[Collected data entries]
· · · · · · ·

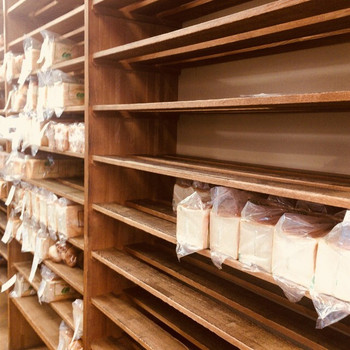 「パンのペリカン」 内観 77760067 棚に並ぶたくさんの食パン。
ほとんどが予約分。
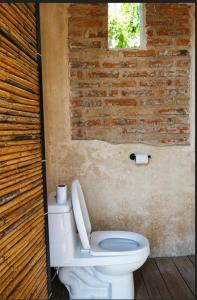 a bathroom with a toilet and a brick wall at Domo Abitare Glamping in Isla de Mezcala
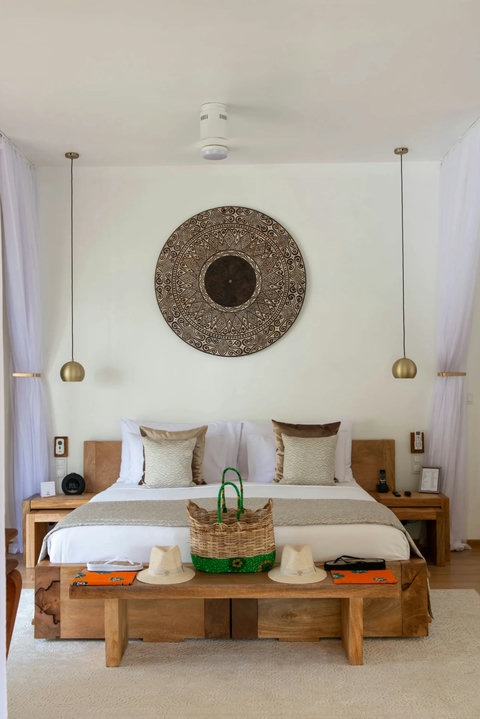 Fresh linens, woven basket, and a last slow exhale, the room settling into evening peace.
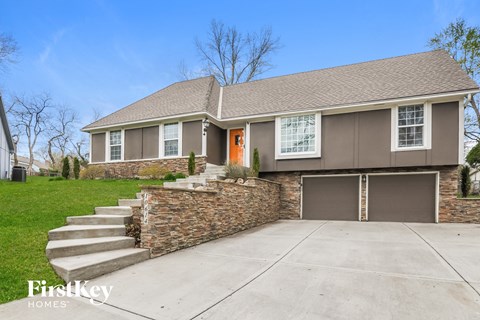 front view of a home with stairs to the driveway and a garage door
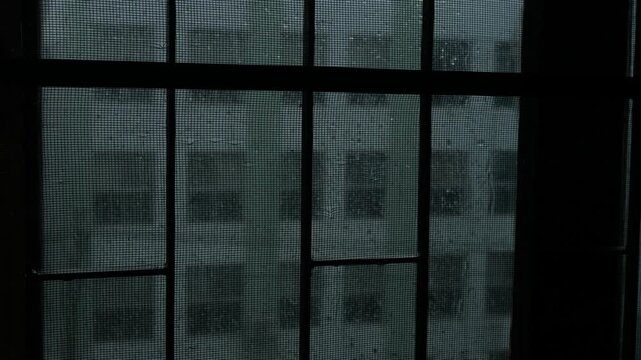 Melancholic Rainy Day Rain Drops Streaming Down Window Glass with Blurred City Buildings, Lonely Sad Moody Urban Monsoon Mood 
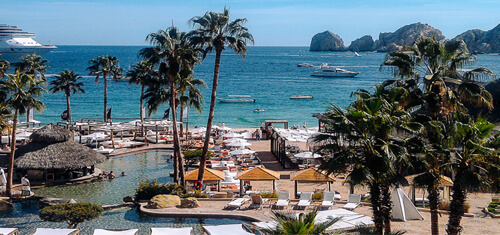 Picture of a beautiful beach resort in Los Cabos, Mexico.  The picture shows a marina, palm trees, a harbor, blue water and rocks rising from the water.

· · · · · · ·

* What is expected
Pictures stay out, and every line of the records is transcribed exactly.

* Final answer
 「パンのペリカン」 内観 77760067 棚に並ぶたくさんの食パン。
ほとんどが予約分。
 a bathroom with a toilet and a brick wall at Domo Abitare Glamping in Isla de Mezcala
 Fresh linens, woven basket, and a last slow exhale, the room settling into evening peace.
 front view of a home with stairs to the driveway and a garage door
 Melancholic Rainy Day Rain Drops Streaming Down Window Glass with Blurred City Buildings, Lonely Sad Moody Urban Monsoon Mood 
 Picture of a beautiful beach resort in Los Cabos, Mexico.  The picture shows a marina, palm trees, a harbor, blue water and rocks rising from the water.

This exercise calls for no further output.